Mideast crisis a new risk for volatile oil prices

Illustration of a tank gun barrel with an oil barrel shoved inside of it.

Illustration: Aïda Amer/Axios

Fallout from Hamas' attack against Israel pushed up oil prices after a roughly weeklong slide — and they could go far higher if the conflict escalates.

Why it matters: Spurred by OPEC's machinations and growing geopolitical risks, crude recently hit its highest levels of 2023. Now gasoline prices, which have been falling of late, could be pressured too, with new inflation risks in tow.

The big picture: Oil's bounce reflects an unstable world, and more unease rippling through a tight market, even though violence isn't actually occurring in oil producing areas.

  • But the new Israel-Hamas crisis is unpredictable, with variables like whether evidence surfaces that Iran, a Hamas backer, was directly involved planning the attack.

What we're watching: The U.S. could tighten enforcement of sanctions on Iran, reversing growing exports helping to meet global demand.

  • Iranian barrels have provided a "relief valve at a time when Saudi Arabia and Russia other OPEC+ countries have made production cuts," according to Ben Cahill of the Center for Strategic and International Studies.
  • "The key question to me now is, does U.S. sanctions enforcement on Iran ramp up if there's evidence that Iran has materially supported Hamas and been involved in these attacks," Cahill tells Axios.

Threat level: A more direct impact would be escalation that affects production sites or oil shipping lanes, notably the Strait of Hormuz chokepoint that abuts Iran.

  • "While the worst-case scenario of a regional war has to be kept in view, it's not my base case," Vandana Hari of the firm Vanda Insights tells Bloomberg.
  • In a note, RBC Capital Markets analysts expect Israel to escalate its "long running shadow war" against Iran, which has involved moves like assassinations and cyber attacks.
  • "What is unpredictable is how Iran would respond to such an intensification and whether this ceases to be a purely covert conflict," the bank wrote.

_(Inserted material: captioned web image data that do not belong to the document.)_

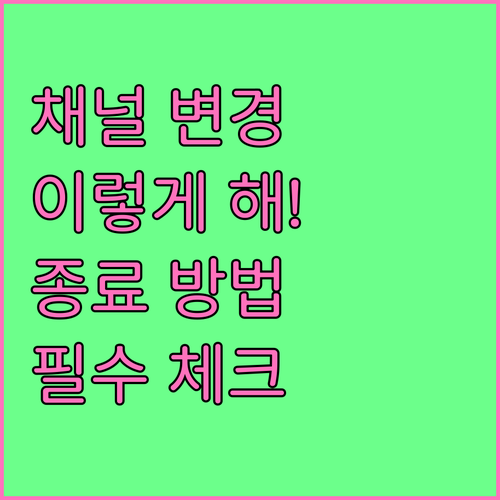 국민비서 수신 채널 변경 및 종료 방..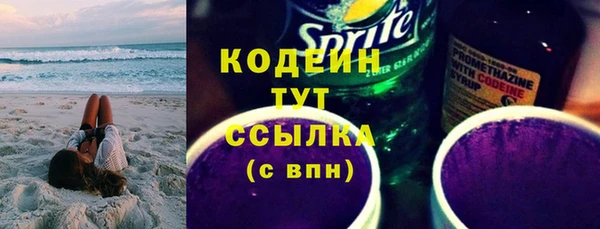 гашик Медвежьегорск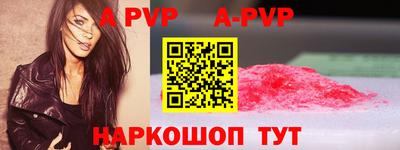 трава Ликино-Дулёво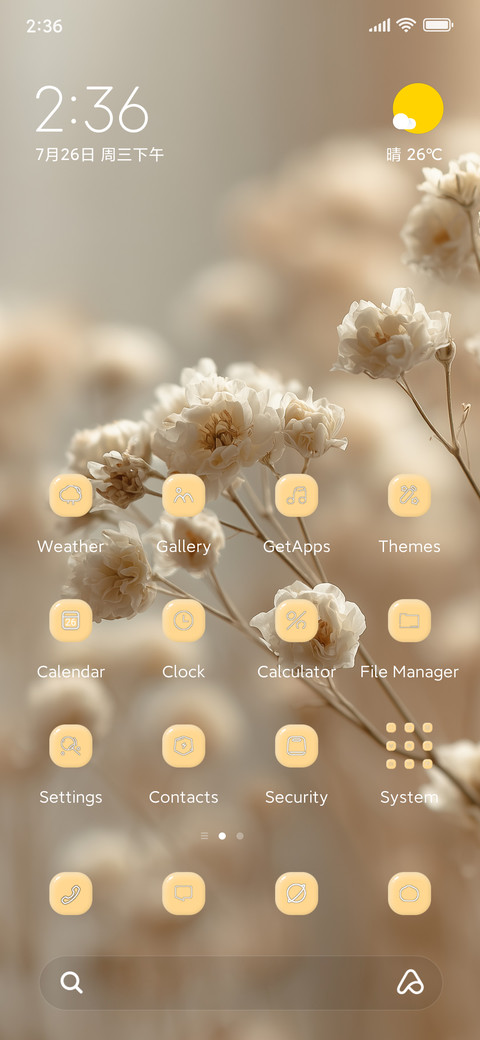 Glass flower screenshot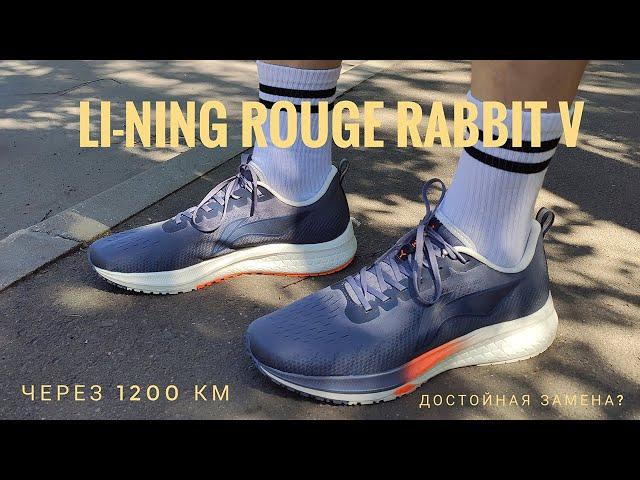 Li-Ning Rouge Rabbit V - опыт использования после 1200 км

The intrigue: Another wrinkle is the crisis hurting odds of a U.S.-brokered Saudi-Israel peace deal that could involve U.S. security guarantees for the kingdom.

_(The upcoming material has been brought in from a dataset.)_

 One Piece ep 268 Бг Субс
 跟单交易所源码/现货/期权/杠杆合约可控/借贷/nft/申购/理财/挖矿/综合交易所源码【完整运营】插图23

  • That, in turn, could make the Saudis less likely to boost production.
  • "[A] normalization deal that provides the Kingdom with U.S. security guarantees potentially could bring newfound production flexibility in Riyadh (or, at minimum, make the Saudis more willing to answer the phone when Washington calls)," ClearView Energy Partners said in a note.

The bottom line: "[I]nvestors and traders will watch Israel's response closely, and the second derivative impacts on sanctions enforcement and ongoing regional negotiations," Jefferies analysts said.